Return to Heckler & Koch G3 (thing)

The [Heckler and Koch G3], to give it its full name, was one of the most popular post-war [battle rifle]s amongst the [Western powers] and those who fell within their spheres of influence. America had the [M16], Britain and the [Commonwealth] had the [FN FAL], whilst most others opted for the [G3]. Like the FAL it was chambered for the [7.62x51 mm] round and was therefore something of an [anachronism] throughout its long life.

The rifle was based heavily on the [Spanish] [CETME], a rifle which was in turn created by ex-[Mauser] engineers who had left [Germany] at the end of [WW2]. The CETME itself was based on Mauser's prototype [Sturmgewehr 45], a device which would have replaced the [MP43] in the army of [Nazi] Germany if [Nazi] Germany had continued beyond [1945].

The G3 was spun off from the CETME between 1955 and 1959, at which point it became the German army's standard weapon. The rifle was cheaper and easier to produce than the [FN FAL] and sold well abroad, both as a commercial product and as a [licence] - many other countries, including [Brazil], [Chile], [Sweden] and [Turkey], made their own subtly-differing variants.
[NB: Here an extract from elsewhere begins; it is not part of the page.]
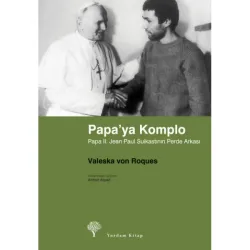 PAPA'YA KOMPLO Papa II. Jean Paul Suikastının Perde Arkası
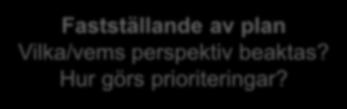 Analysen för Lunds kommun visade att det inte gick att uttala sig om hur kvinnor/män var delaktiga i beslutsprocesser relaterade till de olika länkarna i investeringsplanen.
Along with the [MP5] the G3 kept Heckler and Koch afloat for some time, until the protracted gestation of the [G11] and German reunification did for them.

As with the FAL the G3 is powerful and accurate, but suffers from being chambered for a heavy round; as the rifle uses a [blowback] system for cycling, recoil is heavier, and with the 7.62mm cartridge full-automatic fire is impractical. The G3 is still used by some units of the German army and as a training and reserve weapon, but outside a few nations in Africa, Asia and Eastern Europe it has largely been replaced by [5.56x45mm] weapons. The Germany Army now uses the Heckler and Koch [G36]. Highly modified versions are still popular in the form of the [PSG-1] sniper rifle and the [MP5] submachine gun.

The civilian version is called the Heckler and Koch [HK91] and is semi-automatic only.